● Exercise instructions:
Output all of the records word for word and drop the images.

● Data to examine:
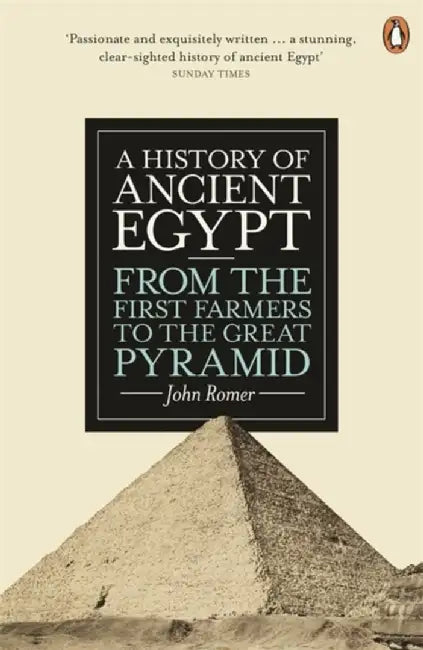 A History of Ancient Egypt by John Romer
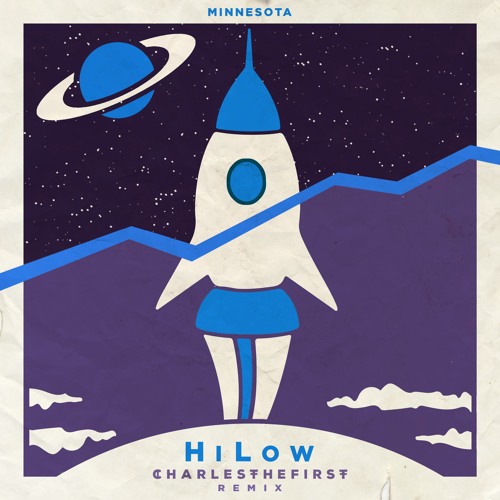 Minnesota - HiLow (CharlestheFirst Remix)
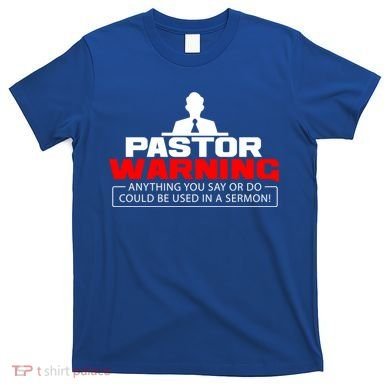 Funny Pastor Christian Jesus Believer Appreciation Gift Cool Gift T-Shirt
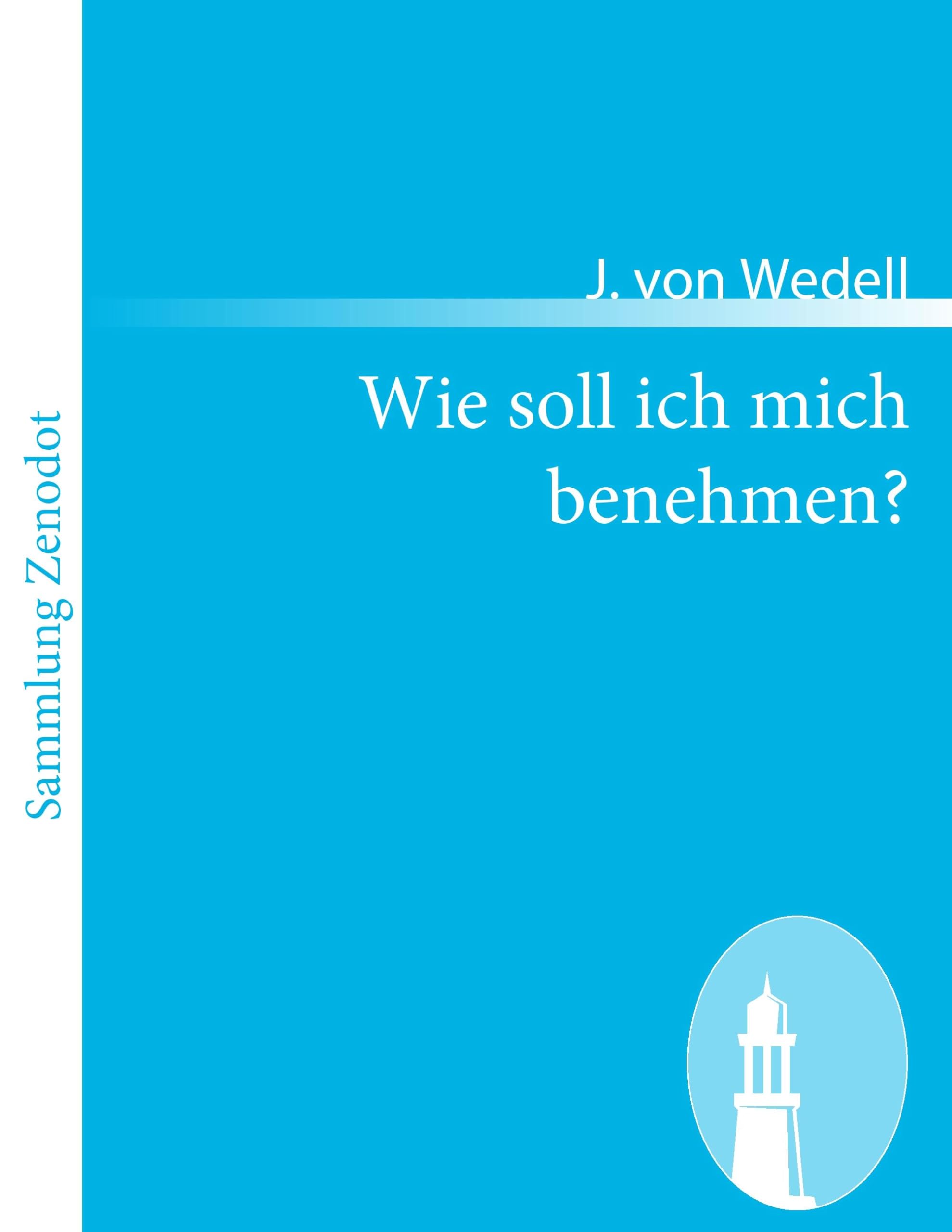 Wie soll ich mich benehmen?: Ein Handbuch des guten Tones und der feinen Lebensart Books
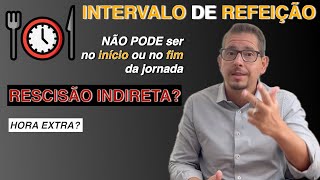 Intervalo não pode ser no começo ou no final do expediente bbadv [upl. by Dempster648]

● Completed exercise:
 A History of Ancient Egypt by John Romer
 Minnesota - HiLow (CharlestheFirst Remix)
 Funny Pastor Christian Jesus Believer Appreciation Gift Cool Gift T-Shirt
 Wie soll ich mich benehmen?: Ein Handbuch des guten Tones und der feinen Lebensart Books
 Intervalo não pode ser no começo ou no final do expediente bbadv [upl. by Dempster648]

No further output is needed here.